On one wall of East Passyunk’s RACSO Art Gallery's "ContraFuerte": Conceiving an Urban Sculpture exhibition, several drawings hang: charcoal on paper, all quick lines and light contours, of human figures clambering upward. On the opposite wall are framed color images of data from a 3-D laser scanner, pixellated abstracts in sharp blues and hot red-oranges. To create “ContraFuerte,” a public sculpture that will be installed in summer 2018 above the 1200 block of Cuthbert Street, artist Miguel Antonio Horn drew on both traditional and nontraditional techniques.
In the middle of RACSO’s snug space stands the love child of these artistic traditions and technologies. It’s a 15-foot-tall figure constructed of layered foam, a stoic giant bent slightly forward, one massive hand pressed against the wall. Flanking the figure are pencil sketches, small-scale studies, and poured bronze castings paired with 21st-century laser scans (like the ones Google uses for mapping). The lasers render three-dimensional images of the alley and the bridge, 20 feet above the sidewalk, where Horn’s figures will rest.
Tension and tangle
Except they’re not exactly resting. "ContraFuerte" consists of eight figures — four on each side of the bridge — that seem to be climbing, grappling, or striving, their bodies entangled in an effort to surmount (or perhaps hold up) the 30-foot-wide bridge.
It’s not the piece Horn initially planned to make. When he first toured the project site, commissioned by the city’s Percent for Art program, he eyeballed more conventional locations for public art: a planter, an open façade.
Then he turned a corner and glanced down Cuthbert Street. “I saw that bridge and thought: What is that?” Horn recalls. “It’s an alley, with no commerce or public services. There’s no need to go down there unless you’re delivering something. I wanted to bring the sense of discovery I had when I first came upon it.”
Horn, a large-format sculptor who has worked with the human figure since his student days at the Pennsylvania Academy of the Fine Arts, envisioned the site as a literal and metaphoric bridge: a way to combine human forms with architectural elements, literal with abstract.
Contemporary architecture, with its expanses of machine-tooled glass and steel, “has less and less of the visual connection to those who were involved in erecting the building,” he says. “That kind of removes the figure from the built environment.” At the same time, “the larger composition, as you stand back, resembles an architectural ornamentation.”
To create figures that would seem to be interacting with the bridge and walls rather than simply pasted onto them, Horn rented a 3-D laser scanner like the ones used for surveying and construction.
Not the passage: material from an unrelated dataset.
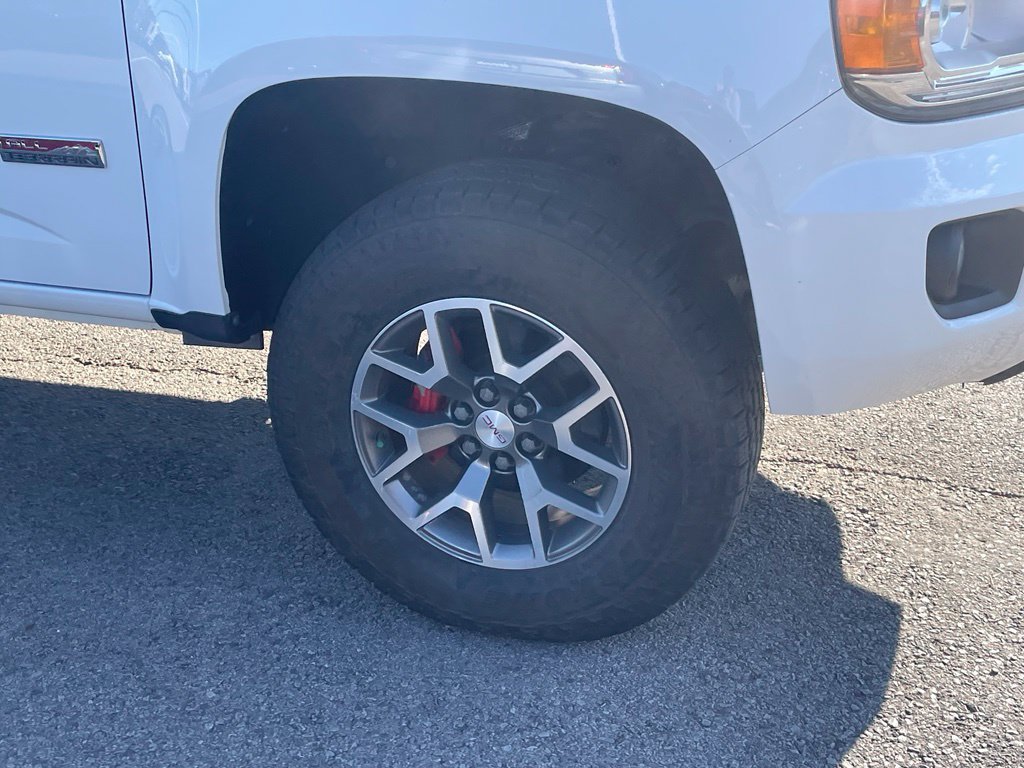 Used 2019 GMC Canyon All Terrain w/ Trailering Package AWD/4WD image 4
He used the scanned data to make scale models—in cast aluminum or poured bronze—of the sculpture, and also to create the giant figure, which consists of half-inch sheets of foam layered like a topographical map.
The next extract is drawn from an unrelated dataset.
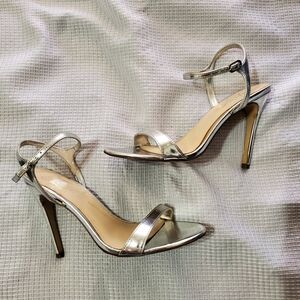 Fergie brand silver women's heels SIZE 8 gently used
The screenshots of those scans fascinated him—some resemble holograms, capturing the flow of pedestrian traffic near the site, while others are pure, pixellated abstracts. “The fun part was to have the contrast between the very clear tradition of models, drawings, and sketches and this other process that’s really contemporary,” he said.
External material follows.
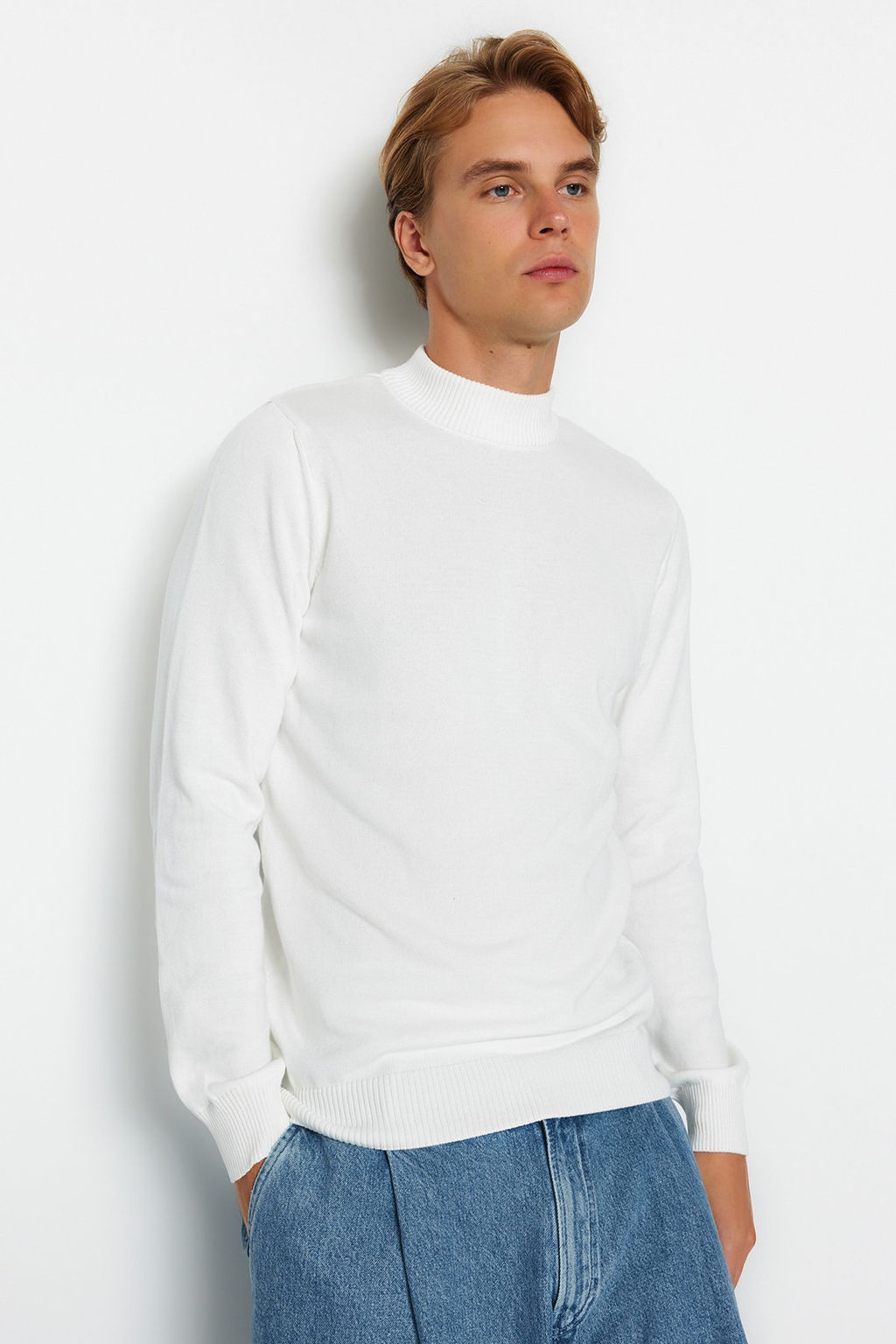 TRENDYOL MAN Ekru Slim Fit Pamuklu Yar?m Bal?kc? Yaka %100 Pamuk Basic Kazak TMNAW22KZ1293 - Trendyolmilla фото 2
The sculpture’s title, ContraFuerte (“against force” or “counterforce”), is meant to capture another duality. “I couldn’t help but be affected by the political climate,” Horn said. “This is a group of individuals trying to be their own counterforce against structures that may feel beyond them. It speaks toward the larger capacity of collective action.”
Together, the figures form a sculptural ballet: one has a leg slung over another’s shoulder; an arm reaches around a waist. They are clearly in relationship — effortful and intimate — with one another and with the task at hand.
A changing vision
RACSO’s show is an illuminating glimpse into the artist’s trajectory: an early iteration of the sculpture shows disparate figures standing, climbing, and sitting on the bridge’s edge. Later models have the figures more dynamically entwined.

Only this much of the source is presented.